Adam Galant (21 February 1952 – on or before 1 December 2025) was a Polish hurdler. He won the silver medal in the 60 metres hurdles at the 1973 European Athletics Indoor Championships. On 25 February 1973, he ran 7.57 seconds over 60 m hurdles to win the Polish Indoor Athletics Championships, setting a world record over the distance.

==Career==
Galant ran for the athletics section of the Górnik Wałbrzych club beginning in 1971. He advanced past the heats of the 60 metres hurdles at the 1971 European Indoor Championships, but placed 4th in his semi-final and did make the finals. Outdoors, he placed 5th at the 1971 Janusz Kusociński Memorial and 3rd at a later meeting in Warsaw over 110 m hurdles.
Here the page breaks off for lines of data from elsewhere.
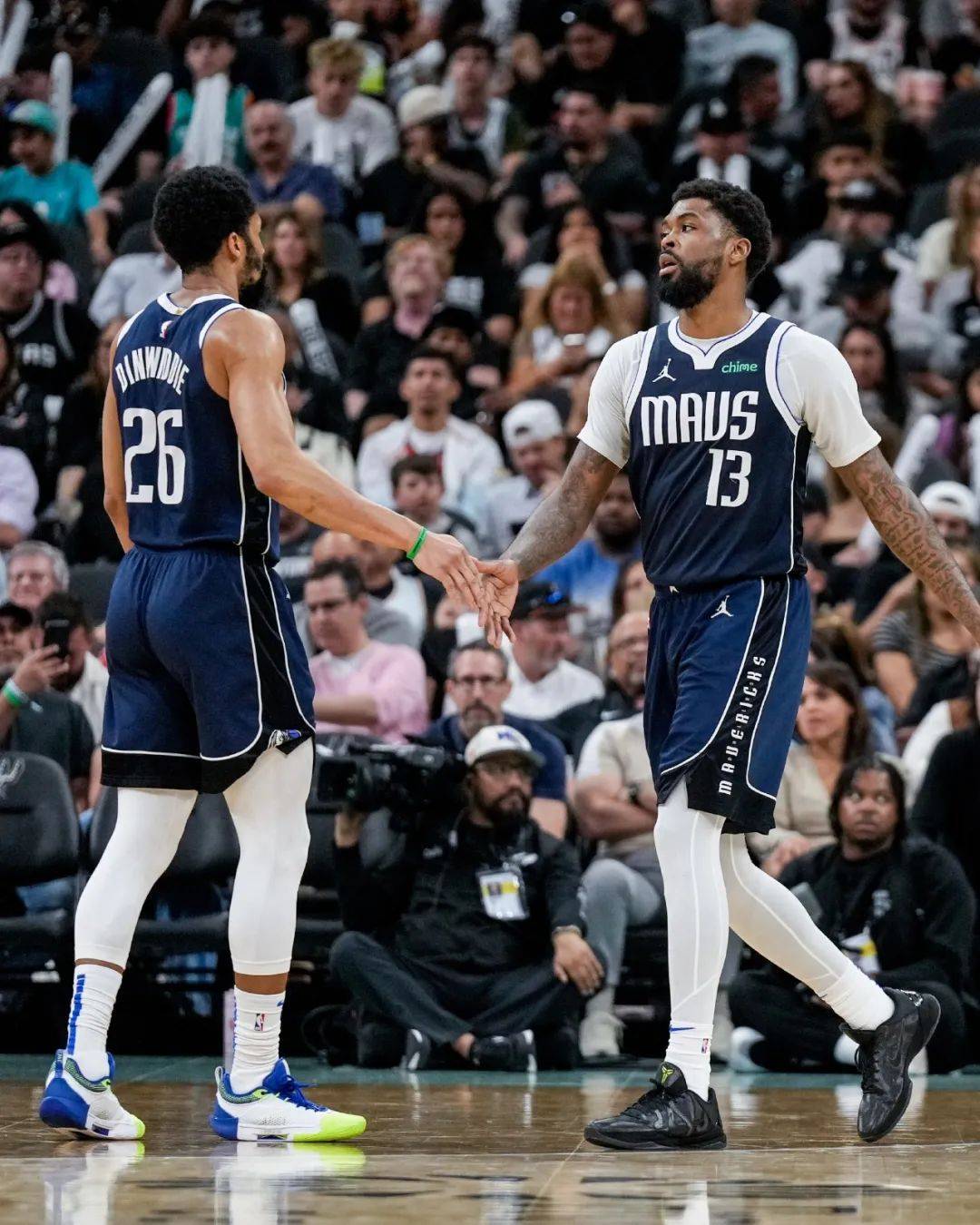 火箭惜败独行侠，努力追分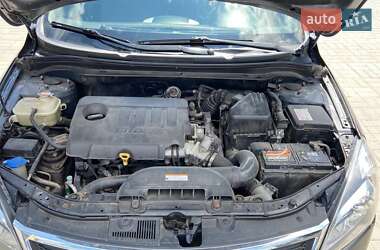 Хэтчбек Kia Ceed 2010 в 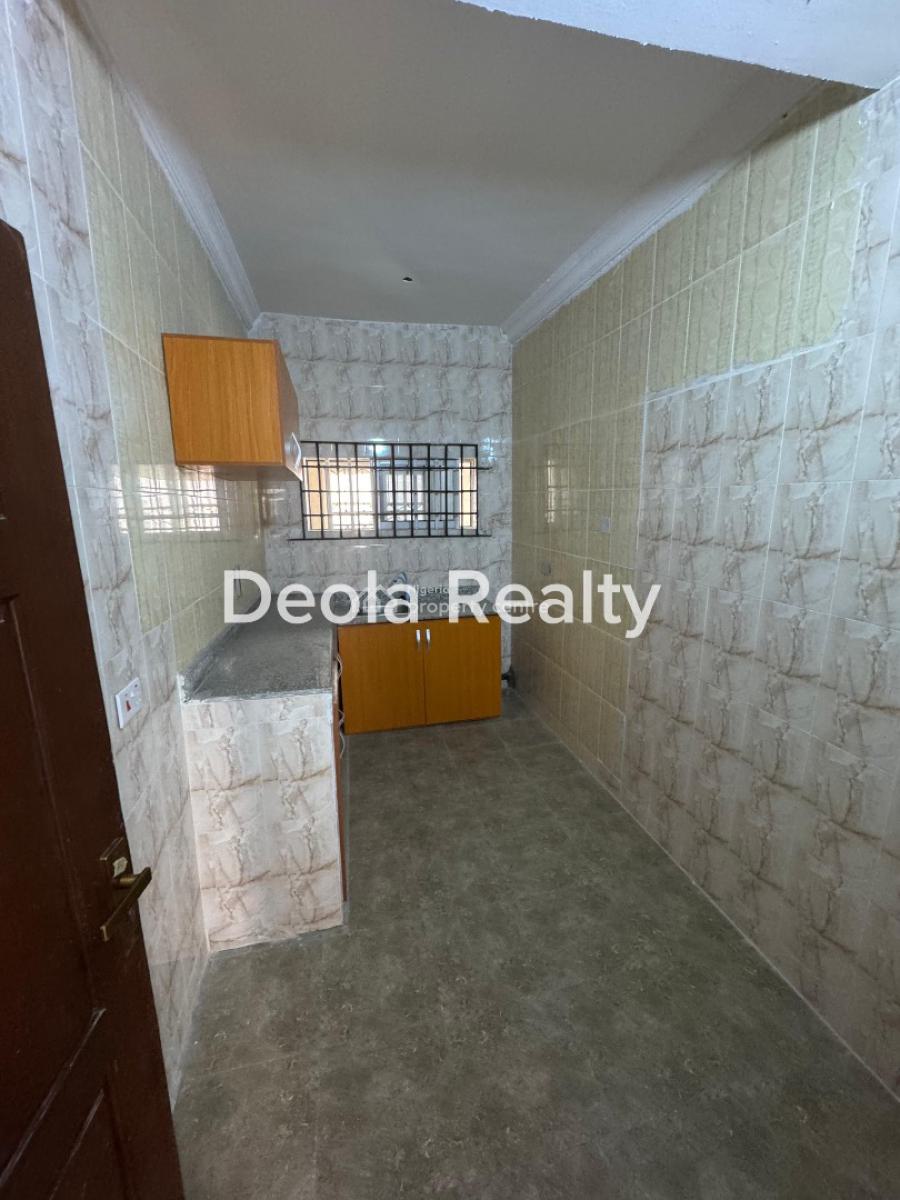 a Nice and Very Spacious 2 Bedroom Apartment, Platinum Way, Ikate, Lekki, Lagos, Flat / Apartment for Rent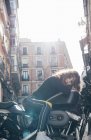 Jeune femme en moto personnalisée — Photo de stock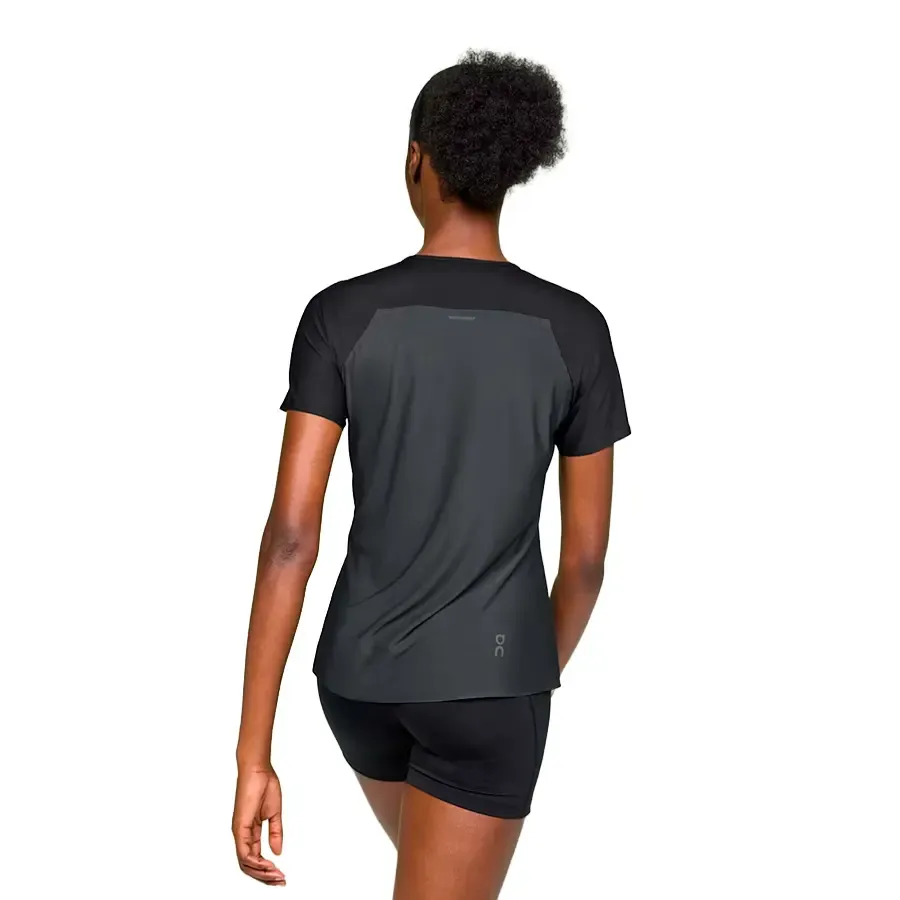 Imagen 2 de 3 de Remera On Performance-T-NEGRO/GRAFITO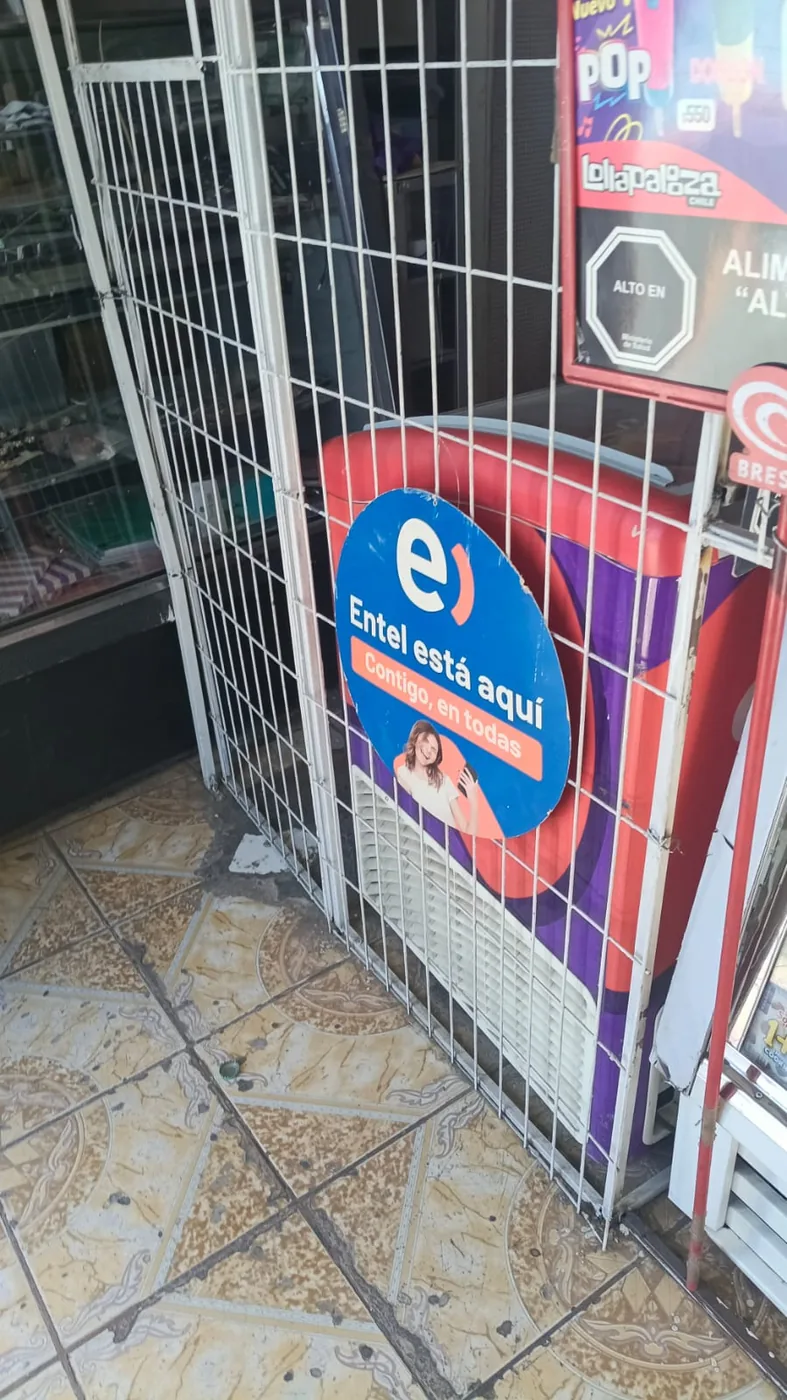 Comercio con material de telecomunicaciones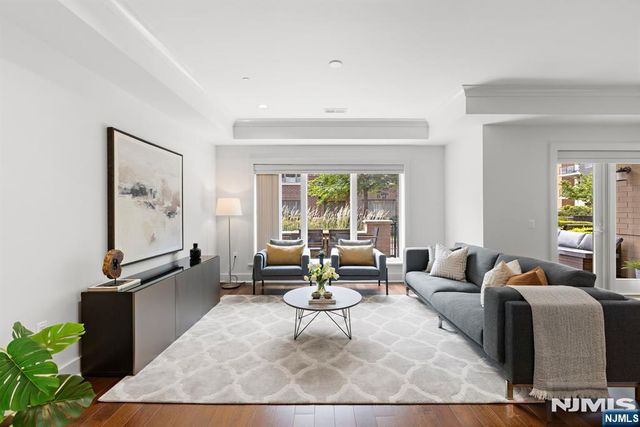 150 Henley Place 213, Weehawken, NJ 07086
Galant ran 13.6 seconds to place runner-up in his heat at the 1972 Polish Athletics Championships. In the finals, he tied Leszek Wodzyński for the win as both were assigned a time of 13.4 seconds, surpassing Marek Jóźwik's Polish national record. At the 1972 Polish Olympic trials, Galant ultimately finished 4th and was not selected for the team.

On 25 February 1973 at the Polish Indoor Athletics Championships, he won the 60 m hurdles in 7.57 seconds, setting a world record for automatic timing (superseding Ervin Hall and Günther Nickel's 7.6 hand-timed bests). At the 1973 European Athletics Indoor Championships, Galant won his heat and semi-final to advance to the finals, where he ran 7.76 seconds behind only Frank Siebeck. Outdoors, he won the sprint hurdles at a race in Havana, Cuba in May 1973. He got injured participating in the long jump at a league competition in Kraków, cutting his outdoor season short.

Galant's 1974 season was hampered by injuries. He did not record performances in 1975.

In 1976, Galant reached the 60 m hurdles semi-finals at the 1976 European Indoor Championships but did not advance to the finals. He retired in 1979.

==Personal life==
Galant was born in Węgliniec, Lower Silesian Voivodeship, Poland. He graduated from the Warsaw University of Technology.

Galant was coached by Andrzej Radiuk. His coach said that he observed Galant had an unusually large number of fast twitch muscle fibers and could have broken the 110 metres hurdles world record had he not been injured.

Galant's death was announced by the Polish Athletic Association before 2 December 2025. He was 73 years old at the time of his death.

Węgliniec's municipal stadium, Stadion Miejski w Węglińcu im. Adama Galanta, was named after Galant.